TTL is notable for being a widespread integrated circuit (IC) family used in many applications such as computers, industrial controls, test equipment and instrumentation, consumer electronics, synthesizers, etc. The designation TTL is sometimes used to mean TTL-compatible logic levels, even when not associated directly with TTL integrated circuits, for example as a label on the inputs and outputs of electronic instruments.
*TTL contrasts with the preceding resistor-transistor logic (RTL) and diode-transistor logic (DTL) generations by using transistors not only to amplify the output but also to isolate the inputs. The p-n junction of a diode has considerable capacitance, so changing the logic level of an input connected to a diode, as in DTL, requires considerable time and energy.
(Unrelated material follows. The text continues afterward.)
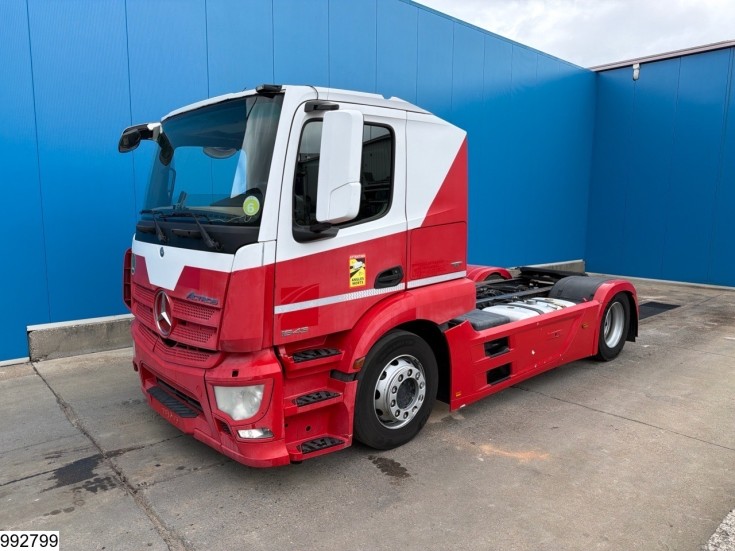 Mercedes Actros 1843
As shown in the top schematic at right, the fundamental concept of TTL is to isolate the inputs by using a common-base connection, and amplify the function using a common emitter connection. Note that the base of the output transistor is driven high only by the forward-biased base-collector junction of the input transistor. The second schematic adds to this a “totem-pole output”. When V2 is off (output equals 1), the resistors turn V3 on and V4 off, resulting in a stronger 1 output. When V2 is on, it activates V4, driving 0 to the output. The diode forces the emitter of V3 to ~0.7 V, while V4 base-emitter junction and V2 collector-emitter junction pull its base to a voltage ~0.7, turning it off. By removing pull-up and pull-down resistors from the output stage, this allows the strength of the gate to be increased without proportionally affecting power consumption.
TTL is particularly well suited to integrated circuits because the inputs of a gate may all be integrated into a single base region to form a multiple-emitter transistor. Such a highly customized part might increase the cost of a circuit where each transistor is in a separate package, but, by combining several small on-chip components into one larger device, it conversely reduces the cost of implementation on an IC.
As with all bipolar logic, a small current must be drawn from a TTL input to ensure proper logic levels. The total current drawn must be within the capacities of the preceding stage, which limits the number of nodes that can be connected (the fanout).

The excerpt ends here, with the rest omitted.